Looking beyond pure military action, the more subtle and, at times, more damaging power held by the Security Council is the enforcement of economic and trade sanctions against specific states. In the past the imposition of sanctions has yielded better results as compared to military action, however, the same power has the potential to be misused especially considering the effect of economic sanctions on a state. Some member states have argues that economic sanctions do nothing to effect the government of a state, rather they have a severe impact on the people of a state who more often than not have no control over the actions of their government, resulting in the undue suffering of the common man. Such was the case in the past when sanctions were imposed against Iraq and more recently Iran. Iran in particular has been subjected to severe sanctions and trade restrictions, recently forcing the country to soften its hard-line position on various issues and become more conducive to international cooperation.  

It is interesting to note that states in the Security Council and the United Nations in general have developed a tendency to engage in back door diplomacy whereby states meet with each other outside of the organisation and discuss/negotiate matters as well as enter into alliances for specific votes, all of which in the end renders any actual debate in the United Nations itself no more than a formality with states having already decided their votes on issues that have yet to be tabled. Such diplomacy, lobbying of votes and the leveraging of benefits to other treaties or aid/investment money in exchange for votes leaves room for interstate coercion and influence, at times, rendering the very purpose of the United Nations as a forum for discussion and diplomacy moot.

While the powers of the Security Council appear, in practice, to be unlimited and unquestioned when it comes to passing resolutions, the Charter of the United Nations requires that all members are bound to carry out the resolutions of the Security Council in accordance with the Charter. This requirement of conformity with the Charter has been interpreted as procedural in nature rather than actual legal restrictions on its capabilities with the Charter acting as a constitution.
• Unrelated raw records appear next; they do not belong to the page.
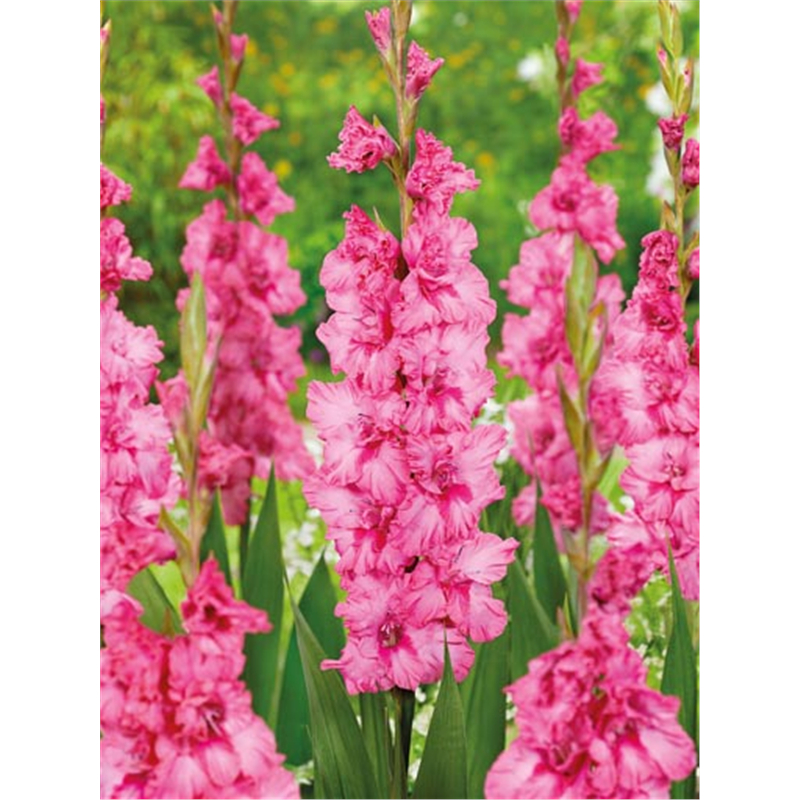 Гладиолус Кингстон Раффл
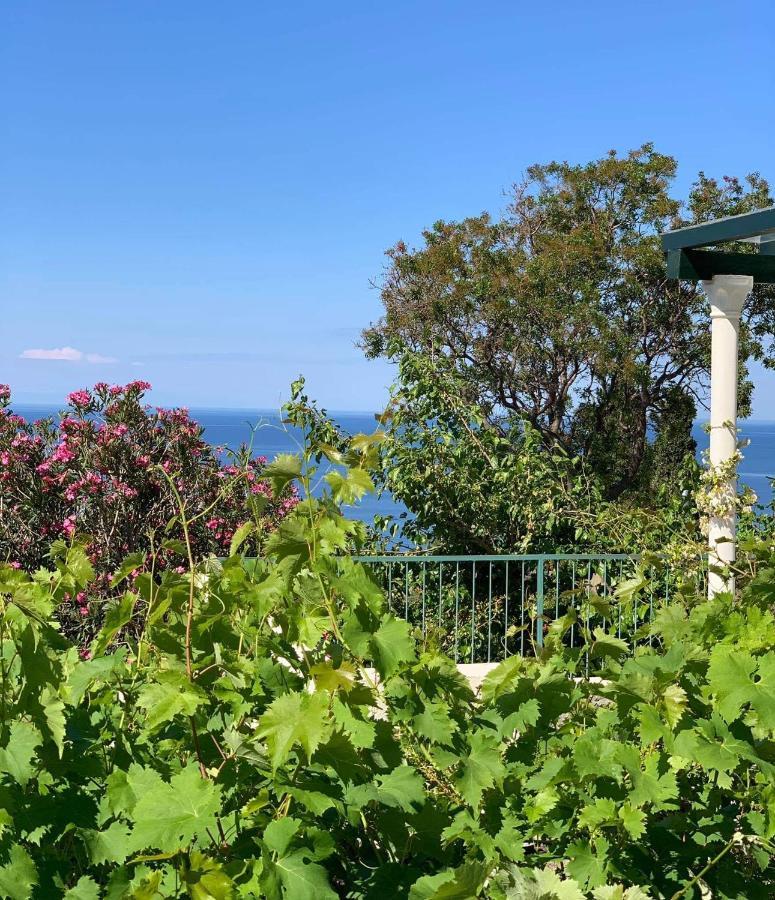 Boutique Home Saltaragazza Petrovac Eksteriør bilde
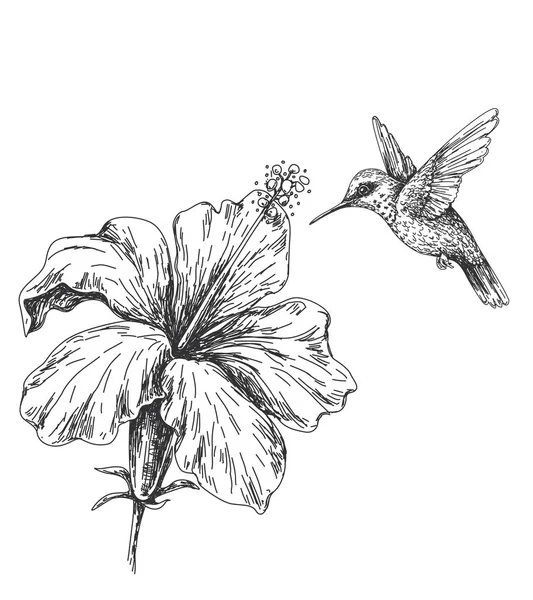 Hand Drawn Monochrome Humming Bird Hibiscus Black White Illustration Flying — Stock Vector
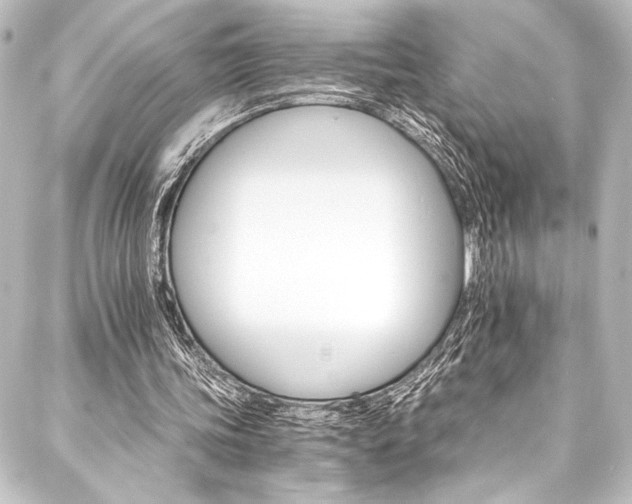 X0000088200339200705151318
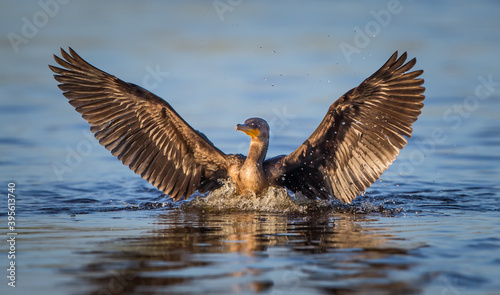 Cormorant sinks into water after landing with wings spread wide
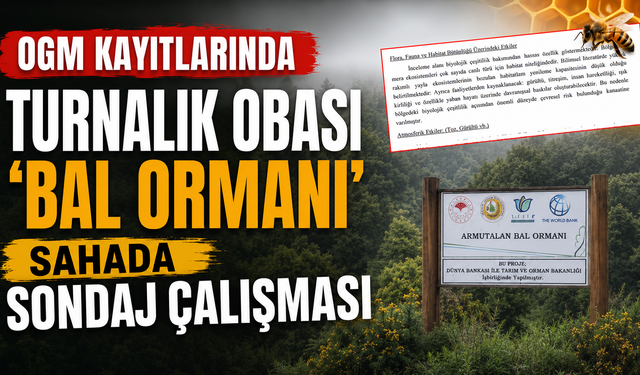 Turnalık Obası OGM kayıtlarında 'Bal Ormanı', sahada sondaj çalışması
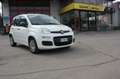 Fiat New Panda 1.2 Easy Bianco - thumbnail 8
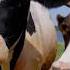 COW VIDEO COWS MOOING AND GRAZING IN A FIELD Cow Video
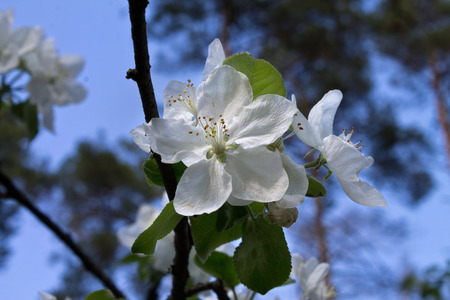 blossoming apple tree branch close up against the skyの写真素材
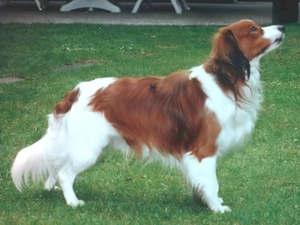 adult, Kooikerhondje, grass, Alpine Dutch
The result is a Security Council with unlimited power whose directives have a presumption of validity attached with them and no mechanism for questioning or reviewing the same unless the power is claimed by the International Court of Justice.
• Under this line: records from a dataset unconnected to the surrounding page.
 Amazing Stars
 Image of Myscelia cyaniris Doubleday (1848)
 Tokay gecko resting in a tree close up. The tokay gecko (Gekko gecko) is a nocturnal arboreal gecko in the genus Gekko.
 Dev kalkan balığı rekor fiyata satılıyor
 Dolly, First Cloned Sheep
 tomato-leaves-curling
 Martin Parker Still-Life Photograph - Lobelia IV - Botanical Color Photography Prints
The International Court of Justice was established under the Charter of the United Nations in accordance with Chapter XIV[9] wherein the Court is established as the principal judicial organ of the United Nations with all members of the United Nations as facto parties to the statute of the International Court of Justice. The court also functions as an advisory body when required by the General Assembly whereby it can be requested to provide an advisory opinion on any legal question. Further, the decisions of the International Court of Justice can be enforced via the Security Council through Article 94 (2) of the Charter wherein if a party fails to fulfil its obligations as under a judgement of the International Court of Justice, the other party may approach the Security Council for recourse. The Security Council after reviewing the case may, make recommendations or alternatively decide upon measures which would give effect to the judgement. [10]

With regards to the International Court of Justice and its powers under the Charter of the United Nations, it does not appear to have been expressly given the power to review actions of the other organs of the United Nations. Therefore, there has been extensive debate over whether the International Court of Justice has a power of “judicial review”, as is available in some domestic legal systems, over actions taken by other organs, especially the Security Council, which, as stated above, is perceived to exercise unfettered powers of sanction.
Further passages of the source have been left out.